→ **What you will do**: The listing below must be returned in full and unchanged, without the images it carries.

START Supplied material

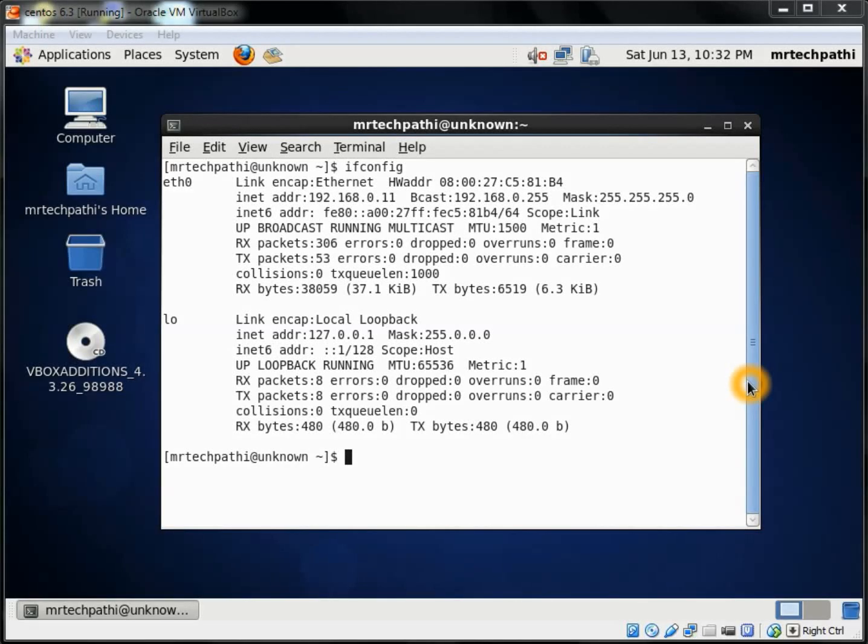Hi, welcome to Mr. Techpathy Tutorials. Today we are going to learn how to access Oracle Virtual Machine using PuTTY.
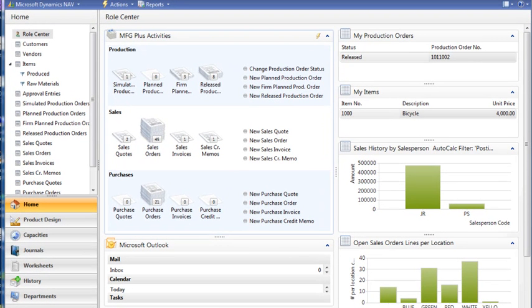Hello again, this is Rick Baxter with Cost Control Software. In this particular video I'm going to take you through the tree map visualization — explain how it works, how we recommend setting this up, and how we include it in our customers' databases.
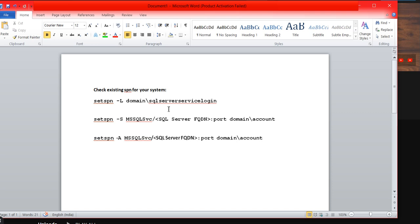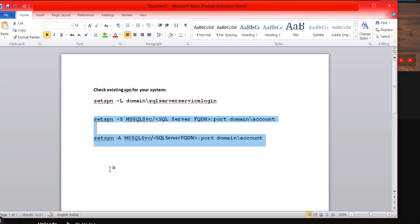The main point is there are no differences nowadays between setspn -s and setspn -a from Windows 2012 onwards. Both commands work similarly. Prior to that, there was a difference: -s was checking whether the particular SPN was configured or not, -a had no checks during configuration. But Windows 2012 onwards, there are no differences.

END Supplied material

→ **The answer**:
Hi, welcome to Mr. Techpathy Tutorials. Today we are going to learn how to access Oracle Virtual Machine using PuTTY.
Hello again, this is Rick Baxter with Cost Control Software. In this particular video I'm going to take you through the tree map visualization — explain how it works, how we recommend setting this up, and how we include it in our customers' databases.
The main point is there are no differences nowadays between setspn -s and setspn -a from Windows 2012 onwards. Both commands work similarly. Prior to that, there was a difference: -s was checking whether the particular SPN was configured or not, -a had no checks during configuration. But Windows 2012 onwards, there are no differences.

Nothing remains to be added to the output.